On 06/09/2014 11:34 AM, James B. Byrne wrote:
On Fri, June 6, 2014 09:58, Alexander Dalloz wrote:
Am 06.06.2014 14:50, schrieb James B. Byrne:
At ~07:40 (UTC-4:00) this morning our gateway host lost its WAN Ethernet adaptor. Subsequent to recovery, which required a reboot, the following
[ ... ]
lspci -tv # provides this device tree
-[0000:00]-+-00.0 Intel Corporation Atom Processor D4xx/D5xx/N4xx/N5xx DMI Bridge . . . +-1c.0-[01]-- +-1c.4-[02]----00.0 Intel Corporation 82574L Gigabit Network Connection +-1c.5-[03]----00.0 Intel Corporation 82574L Gigabit Network Connection . . .
lspci -v -nn -k -qq -D # provides this information:
. . . 0000:02:00.0 Ethernet controller [0200]: Intel Corporation 82574L Gigabit Network Connection [8086:10d3] Subsystem: Super Micro Computer Inc Device [15d9:10d3] Physical Slot: 0-1 Flags: bus master, fast devsel, latency 0, IRQ 16 Memory at fe9e0000 (32-bit, non-prefetchable) [size=128K] I/O ports at dc00 [size=32] Memory at fe9dc000 (32-bit, non-prefetchable) [size=16K] Capabilities: [c8] Power Management version 2 Capabilities: [d0] MSI: Enable- Count=1/1 Maskable- 64bit+ Capabilities: [e0] Express Endpoint, MSI 00 Capabilities: [a0] MSI-X: Enable+ Count=5 Masked- Capabilities: [100] Advanced Error Reporting Capabilities: [140] Device Serial Number 00-25-90-ff-ff-61-74-c0 Kernel driver in use: e1000e Kernel modules: e1000e . . .

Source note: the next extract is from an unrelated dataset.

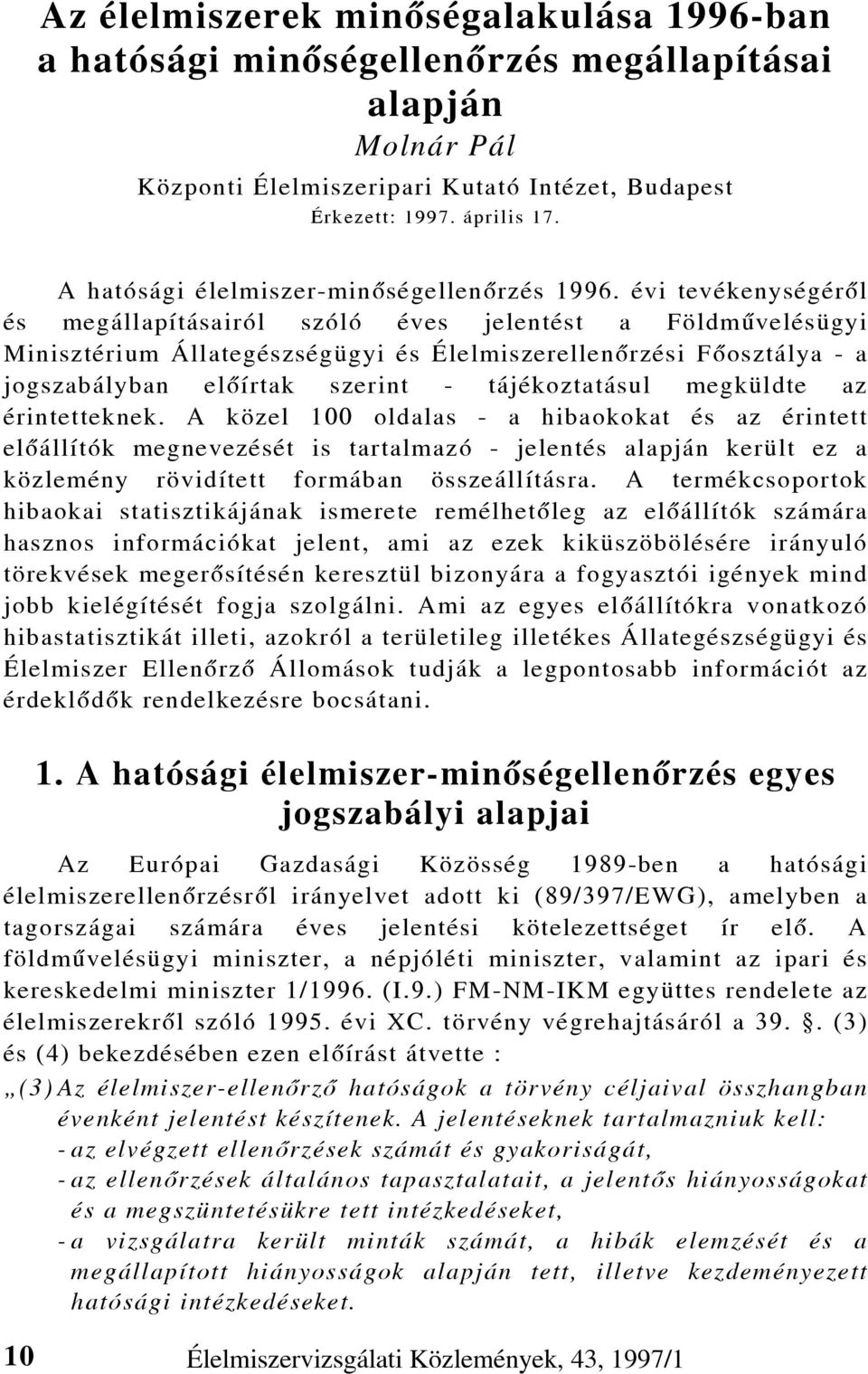 évi tevékenységérõl és megállapításairól szóló éves jelentést a Földmûvelésügyi Minisztérium Állategészségügyi és Élelmiszerellenõrzési Fõosztálya - a jogszabályban elõírtak szerint - tájékoztatásul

I have never run into this before. Can anyone cast any light on what might be going on? Is this an incipient hardware failure with one of the on-board PCI Ethernet adaptors? Is there any relationship with the syn flood that was blacklisted immediately before the failure? I do not thinks so but I need to ask.
Thanks,
https://isc.sans.edu/forums/diary/Intel+Network+Card+82574L+Packet+of+Death/...

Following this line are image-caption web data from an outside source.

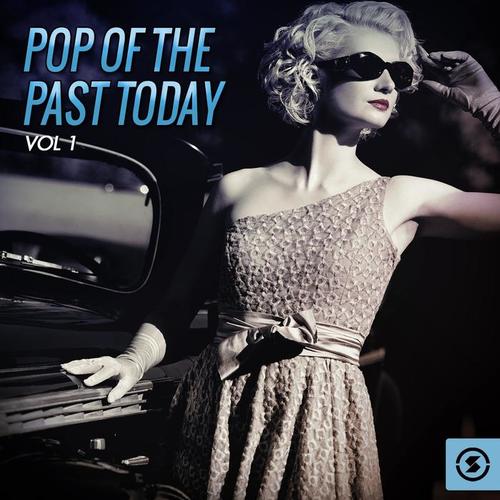 Pop of the Past Today, Vol. 1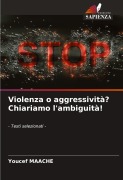 Cover-Bild zum Titel 'Violenza o aggressività? Chiariamo l'ambiguità!' von 'Youcef Maache'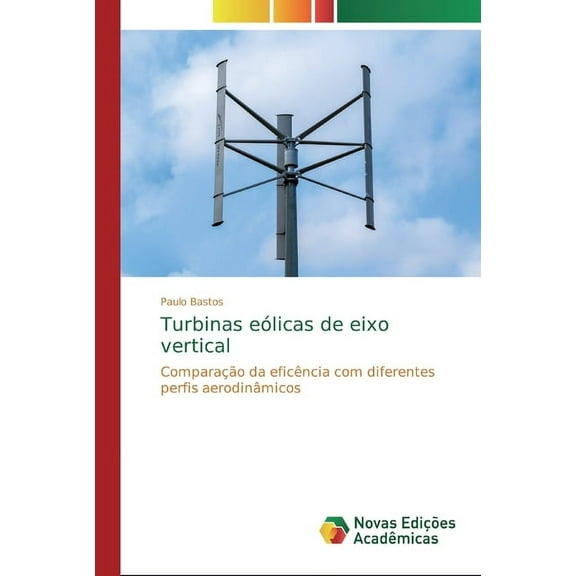 Turbinas eólicas de eixo vertical (Paperback)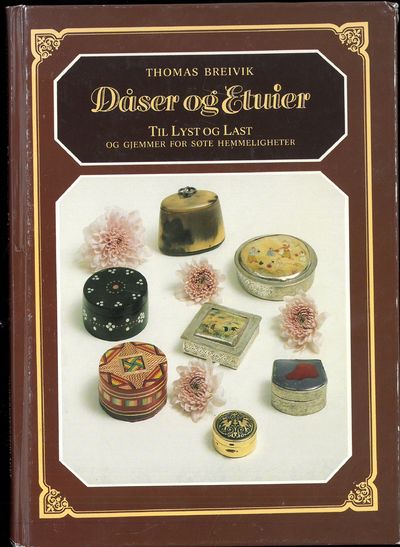 Dåser og etuier. Til lyst og last og gjemmer for…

http://www.itwalker3.com/2013/02/packet-of-death-attack-a-deadly-dos-against...
Worth to verify in your case.
Alexander
Re: Packet of Death attack: a deadly DoS against Intel NICs
It appears that my problem is caused by something else as the EPROM fingerprint matches the 'good' version (mostly).
ethtool -e eth0 . . . 0x0010:01 01 ff ff 6b 02 d3 10 d9 15 d3 10 ff ff 58 a5 . . . 0x0030:c9 6c 50 31 3e 07 0b 46 84 2d 40 01 00 f0 06 07 . . .
However this matches neither the known 'bad' nor the reputed 'good' EPROM image:
0x0060:00 01 ff ff ff ff ff ff ff ff ff ff ff ff ff ff
But it seems a lot closer to the 'bad:
0×0060:ff ff ff ff ff ff ff ff ff ff ff ff ff ff ff ff
than to the 'good':
0×0060:20 01 00 40 16 13 ff ff ff ff ff ff ff ff ff ff
I cannot find the file pod-icmp-ping.pcap so I cannot try out the recommended test using tcpreplay. The original Google code page reference is now gone.
However, ping -p 32 -s 1110 192.168.99.1 against the on-board nic adaptors does not shut them down. I infer (so long as there is no great delay between sending the packet of death and its effects made manifest) that this means that the POD was not the cause of our recent difficulty.
Hi,
Don't know if you saw my prior email, but we experienced this exact same problem see log excerpts below: ... Jul 31 17:05:18 wolfpac kernel: pciehp 0000:00:1c.5:pcie04: Card not present on Slot(37) Jul 31 17:05:18 wolfpac kernel: pciehp 0000:00:1c.5:pcie04: Card present on Slot(37) Jul 31 17:05:18 wolfpac kernel: device eth5 left promiscuous mode Jul 31 17:05:19 wolfpac kernel: e1000e 0000:07:00.0: PCI INT A disabled Jul 31 17:05:20 wolfpac ntpd[2726]: Deleting interface #7 eth5, 192.168.198.95#123, interface stats: received=517, sent=522, dropped=0, active_time=108106 secs Jul 31 17:05:20 wolfpac ntpd[2726]: Deleting interface #8 eth5, fe80::290:bff:fe2a:acf3#123, interface stats: received=0, sent=0, dropped=0, active_time=108039 secs ...
This would randomly happen on systems that weren't connected directly to the internet. We experienced this on multiple systems. Since we upgraded to the latest elrepo driver and added pcie_aspm=off to our kernel command line we have never experienced the issue again.